San Diego Vet Center Controversy Update
Residents of the Old Town neighborhood in San Diego continue to resist a planned Veterans Affairs Department transitional housing facility in their upscale neighborhood; upping the ante on the crazed veteran card they originally played last month.
VA plans to build its 40-bed "Aspire Center" for recent veterans returning from Iraq and Afghanistan suffering from PTSD or readjusting to life after mild to moderate Traumatic Brain Injuries across the street from the Old Town Academy, a charter school with 196 students. As the San Diego Reader reported today, this could put the charter tykes in harm's way.

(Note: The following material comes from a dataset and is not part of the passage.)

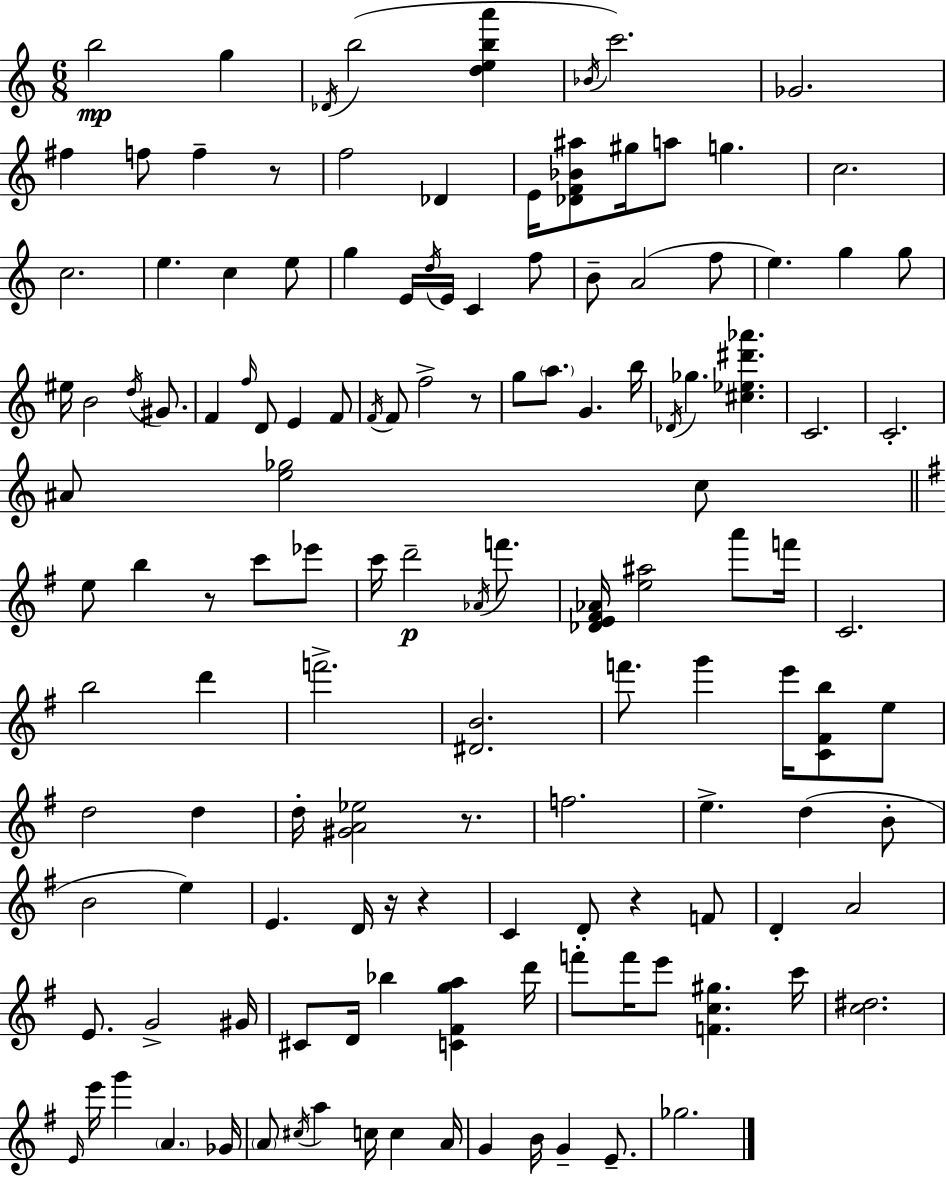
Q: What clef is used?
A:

Christopher Celentino, co-founder of the Old Town Academy, characterized the planned vet center at a community meeting as "an open facility across the street from children who . . . if there is a problem will not have an opportunity to defend themselves. . . It is not the right location, across the street from an elementary school," the Reader reported. Celentino stated that 196 parents at his school signed petitions stating that they would withdraw their children from the academy if the Aspire Center opened. If that were to happen, the school would likely be forced to close, the paper said.
As I said before, I find this anti-vet attitude in a city whose economy thrives on military personnel and facilities hard to comprehend. The Old Town Academy, for example, is located just over a mile and a short walk from the Marine Corps Recruit Depot, the only institution of higher learning I ever managed to graduate from, and I have not heard any beefs about its presence -- and the jobs it provides -- from Old Town residents.
FYI - I arrived at MCRD 49 years ago today, for the start of a four-year Marine stint which has served me well all these years.